__What to produce__
Do not include the pictures; repeat the rest of the data exactly.

__Material for this exercise__

————

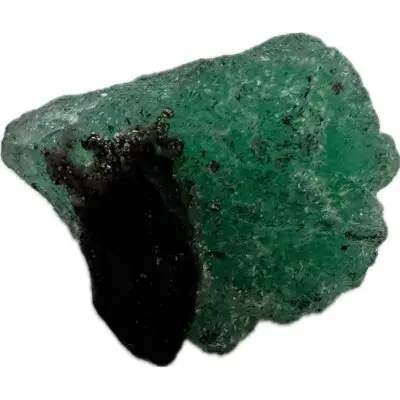 Emerald crystal, Muzo mine, Colombia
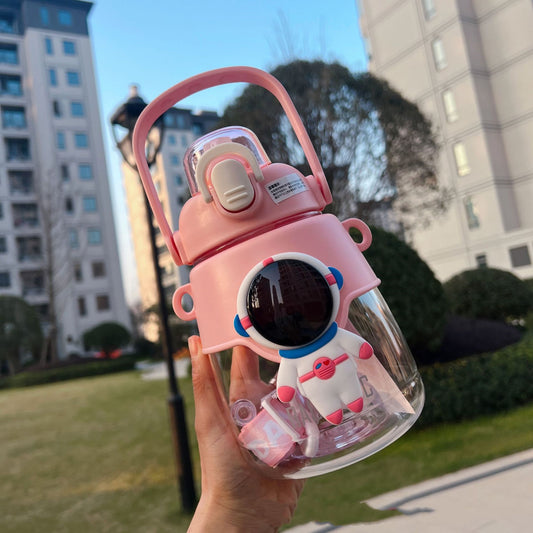 Astronaute Water Bottle Cup 1200ml – Grande capacité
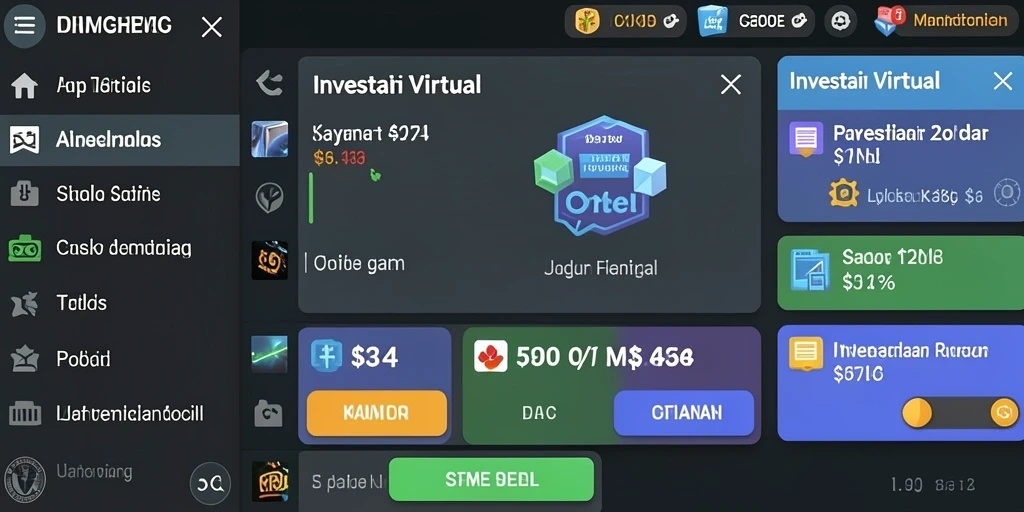 Tampilan awal aplikasi JURAGAN77 yang menarik.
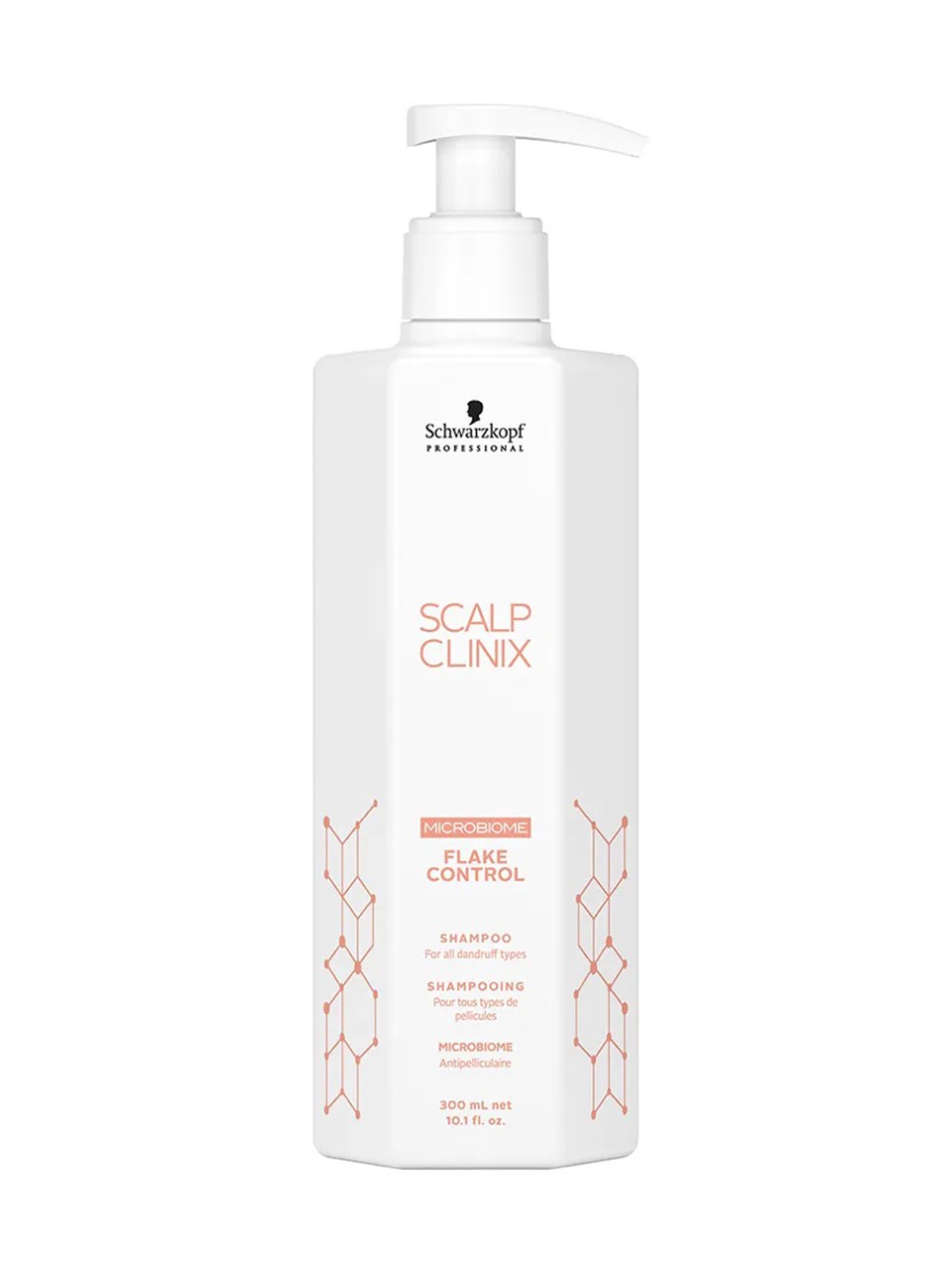 schwarzkopf scalp clinix flake control shampoo 300 ml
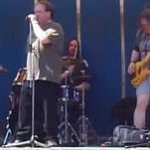 View from the bar Harborne Carnival 2001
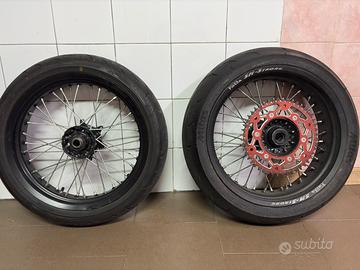 Cerchi motard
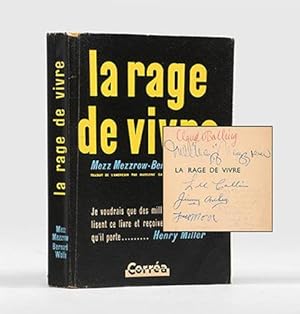 Seller image for La rage de vivre. rcit Really the Blues. Traduit de l'Amricain par Marcel Duhamel et Madeliene Gautier. Prface de Henry Miller. for sale by Peter Harrington.  ABA/ ILAB.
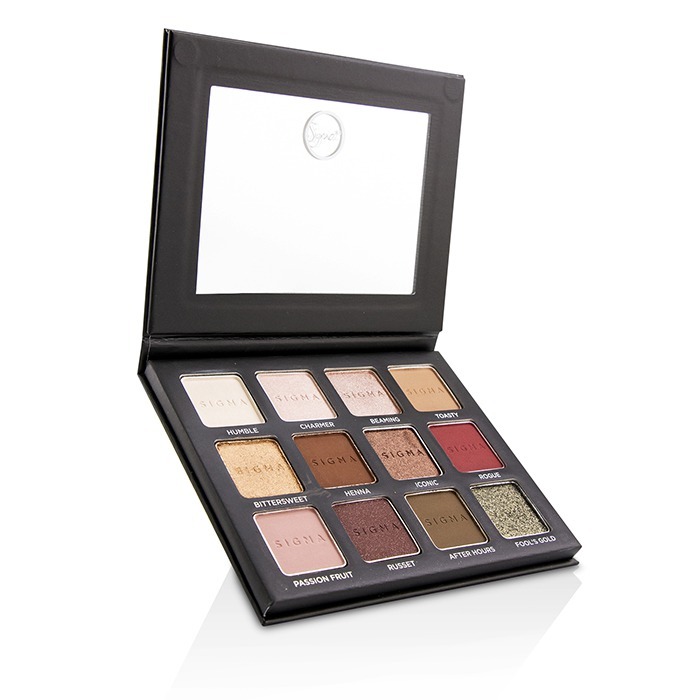 Sigma Beauty Warm Neutrals Volume 2 Eyeshadow Palette 13.4g/0.47oz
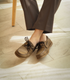Loake Padstow Brown Oiled Nubuck Deck Shoes for Men
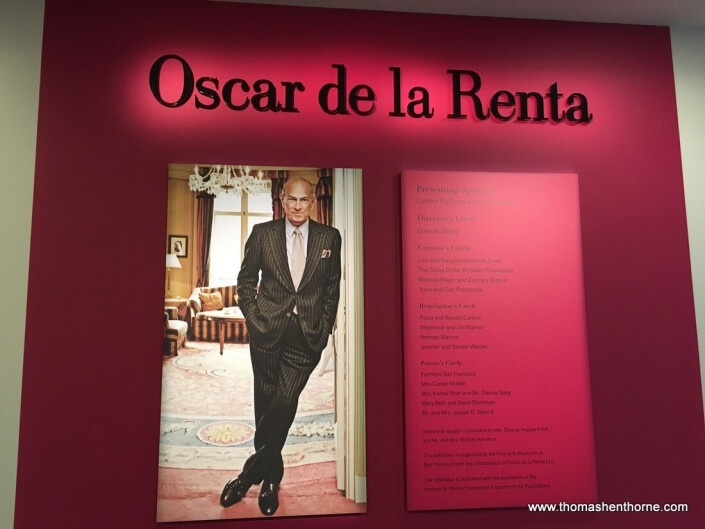 photo of Oscar de la Renta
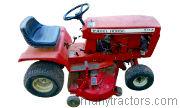 Wheel Horse B-111 tractor trim level specs horsepower, sizes, gas mileage, interioir features, equipments and prices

————

__Answer__
 Emerald crystal, Muzo mine, Colombia
 Astronaute Water Bottle Cup 1200ml – Grande capacité
 Tampilan awal aplikasi JURAGAN77 yang menarik.
 schwarzkopf scalp clinix flake control shampoo 300 ml
 View from the bar Harborne Carnival 2001
 Cerchi motard
 Seller image for La rage de vivre. rcit Really the Blues. Traduit de l'Amricain par Marcel Duhamel et Madeliene Gautier. Prface de Henry Miller. for sale by Peter Harrington.  ABA/ ILAB.
 Sigma Beauty Warm Neutrals Volume 2 Eyeshadow Palette 13.4g/0.47oz
Loake Padstow Brown Oiled Nubuck Deck Shoes for Men
 photo of Oscar de la Renta
 Wheel Horse B-111 tractor trim level specs horsepower, sizes, gas mileage, interioir features, equipments and prices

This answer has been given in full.